**PROBLEM:**
Please keep pictures out of the copy, and print exactly the lines from the one containing "漫画《狂眼》第82话第133张图" through the end of the records.
RECORD SET Block Start
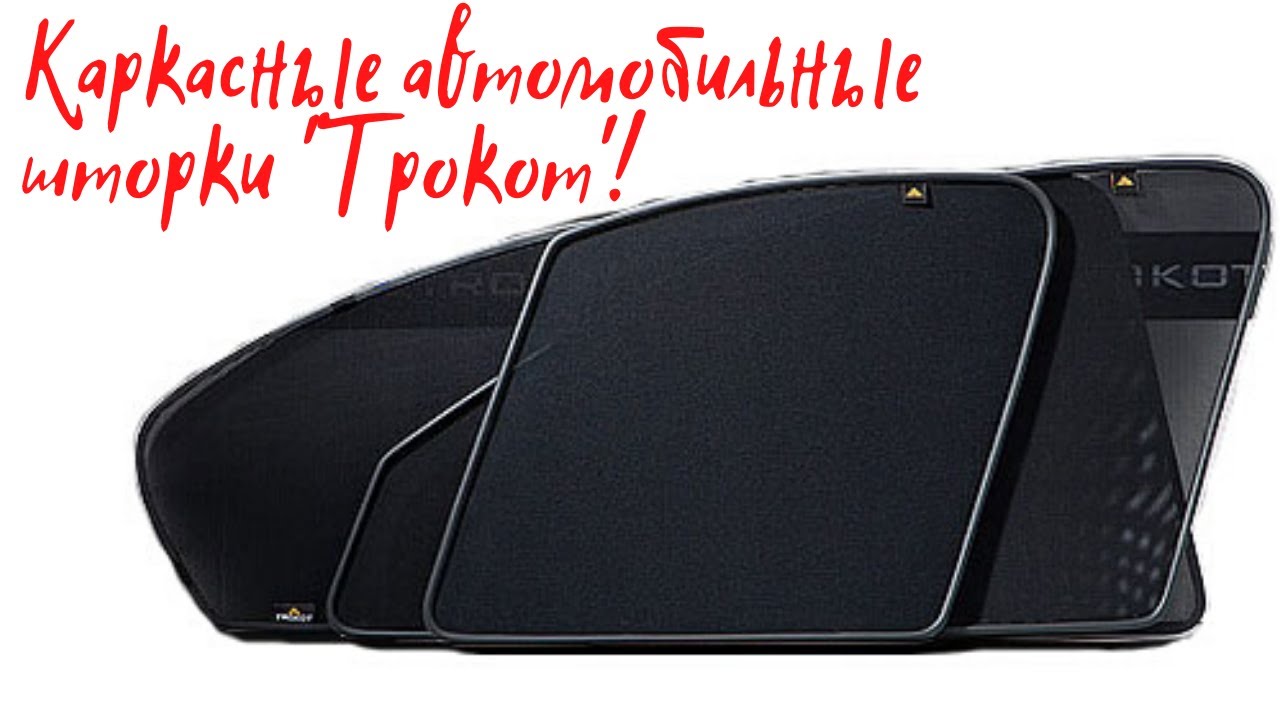 Kartex шторки автомобильные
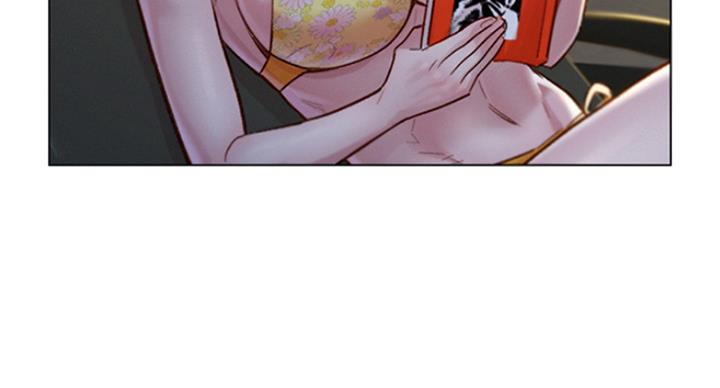《我的干姐姐》第230话 第50页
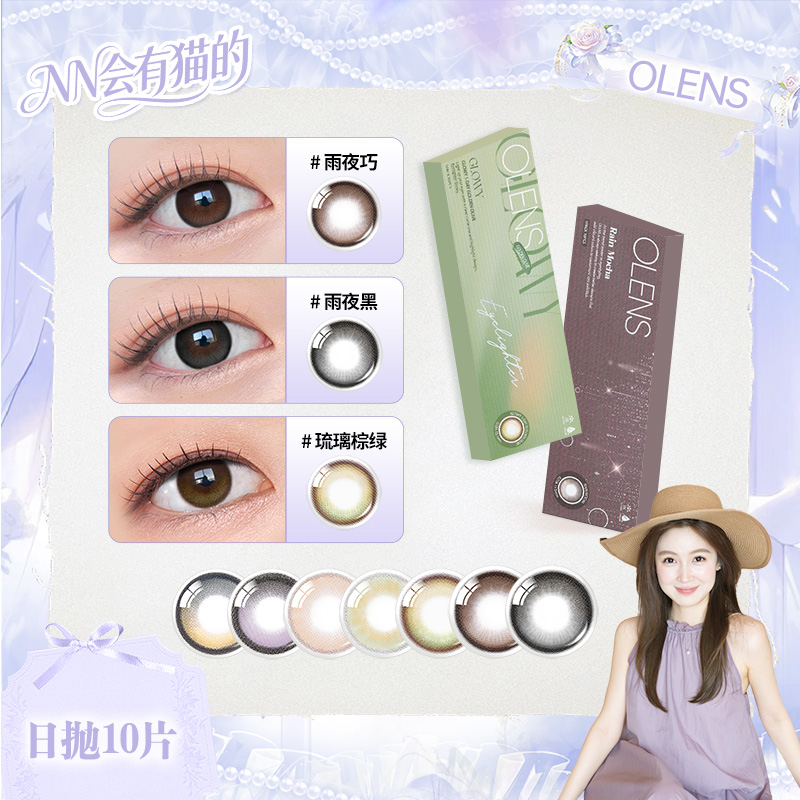 【NN】OLENS Bigglowy大直径琉璃系列日抛10片隐形眼镜
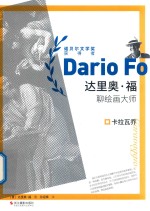 卡拉瓦乔 电子书封面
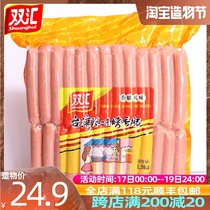 Shuanghui grilled sausage 1 9kg grilled sausage Taiwan flavor Taiwan sausage Hot dog sausage Hot dog sausage bacon crispy bone and more
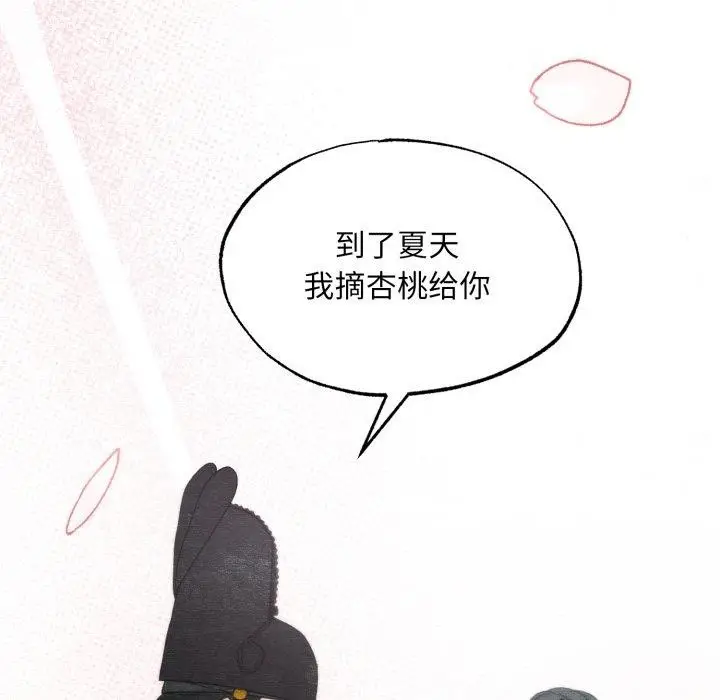 漫画《狂眼》第82话第133张图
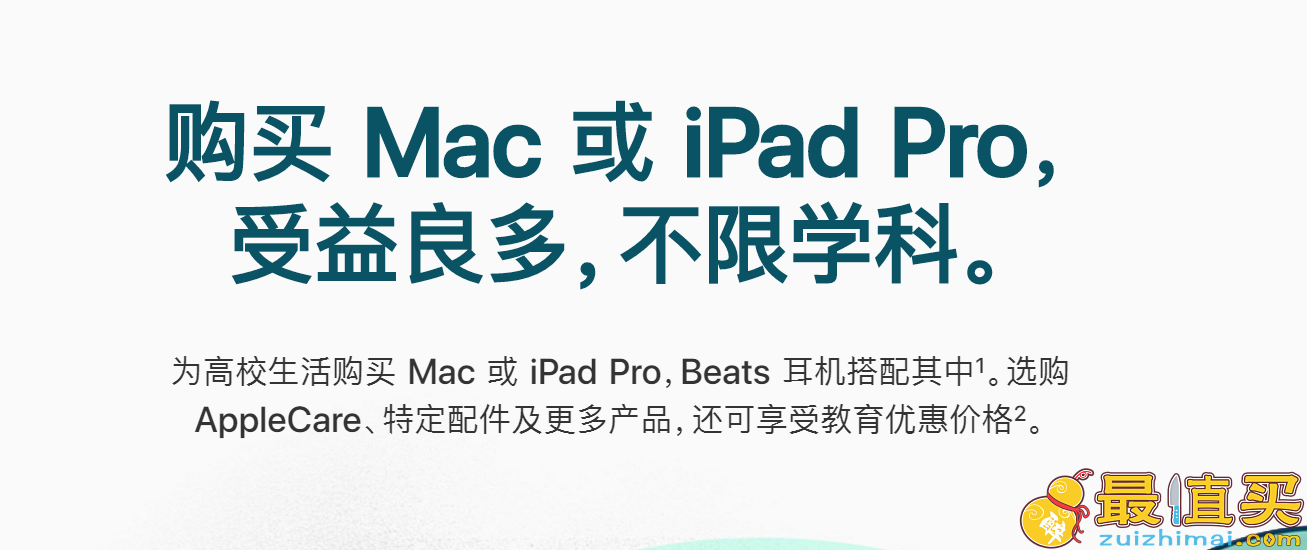 苹果返校优惠2018 apple教育优惠2018 苹果返校优惠时间 苹果返校优惠计划 apple学生优惠 购机减免,还送Beats耳机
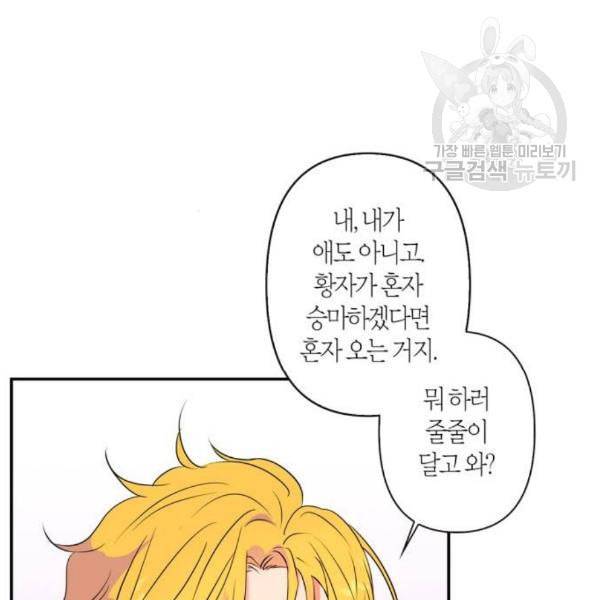 곱게 키웠더니 짐승 16화 26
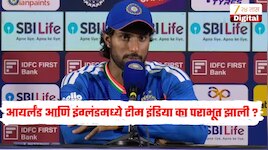 आयर्लंड आणि इंग्लंडमध्ये का पराभूत झाली टीम इंडिया? तिलक वर्माचं उत्तर ऐकून भुवया उंचावतील 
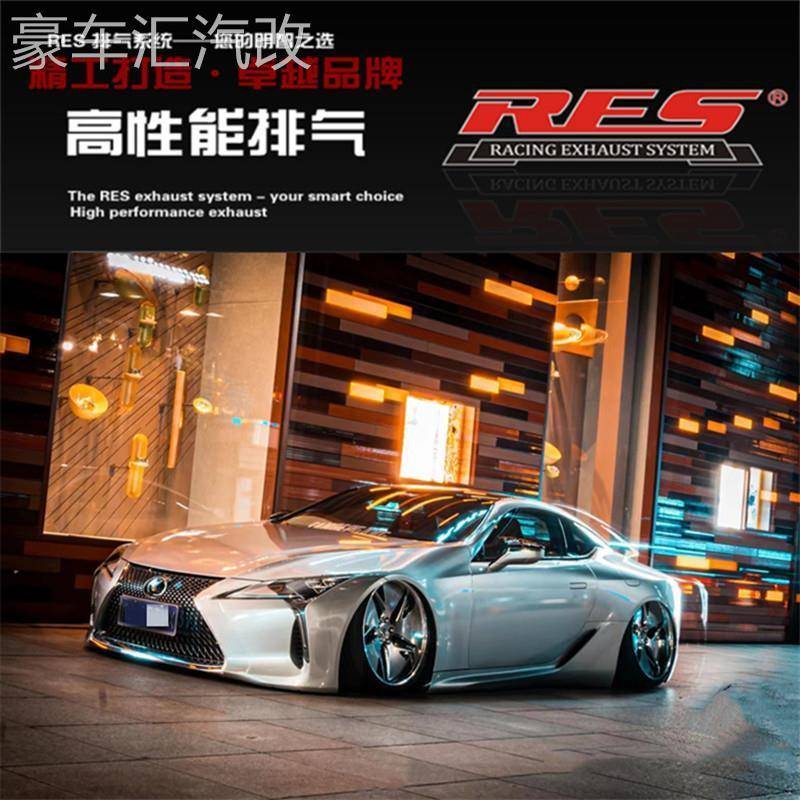 RES 适用于21款雷克萨斯LC500h 3.5改装头段中尾段阀门排气管声浪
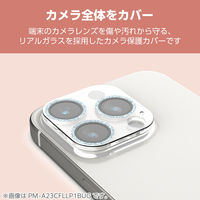 iPhone16Pro/ProMax カメラフィルム ガラス グリッター ブルー PM-A24CFLLP5BUG エレコム 1個（直送品）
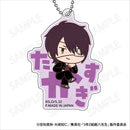 [Pre-order] Gintama - 3-nen Z-gumi Ginpachi-sensei Onamae Pitanko Acrylic Keychain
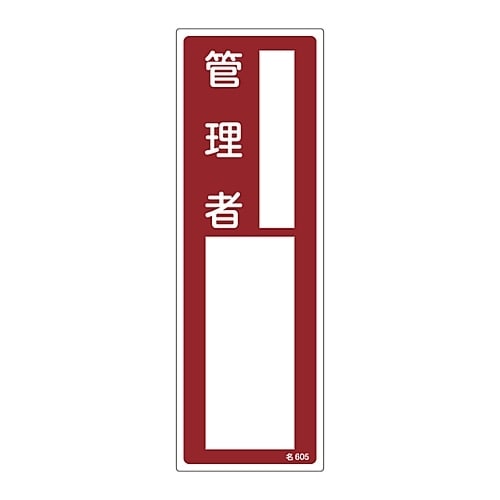 責任者氏名標識 「管理者」 名605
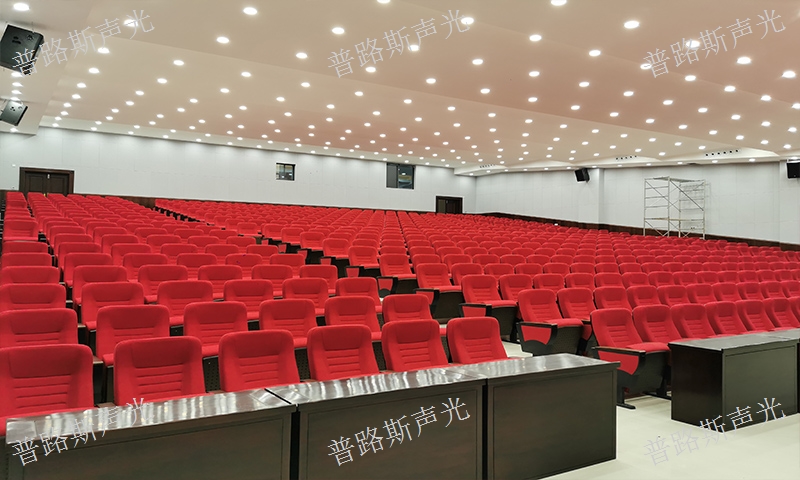 六盤水會議燈租設(shè)備賃價格 推薦咨詢 貴州普路斯聲光科技供應(yīng)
RECORD SET Block End
**EXERCISE RESPONSE:**
 漫画《狂眼》第82话第133张图
 苹果返校优惠2018 apple教育优惠2018 苹果返校优惠时间 苹果返校优惠计划 apple学生优惠 购机减免,还送Beats耳机
 곱게 키웠더니 짐승 16화 26
 आयर्लंड आणि इंग्लंडमध्ये का पराभूत झाली टीम इंडिया? तिलक वर्माचं उत्तर ऐकून भुवया उंचावतील 
 RES 适用于21款雷克萨斯LC500h 3.5改装头段中尾段阀门排气管声浪
 iPhone16Pro/ProMax カメラフィルム ガラス グリッター ブルー PM-A24CFLLP5BUG エレコム 1個（直送品）
 [Pre-order] Gintama - 3-nen Z-gumi Ginpachi-sensei Onamae Pitanko Acrylic Keychain
 責任者氏名標識 「管理者」 名605
 六盤水會議燈租設(shè)備賃價格 推薦咨詢 貴州普路斯聲光科技供應(yīng)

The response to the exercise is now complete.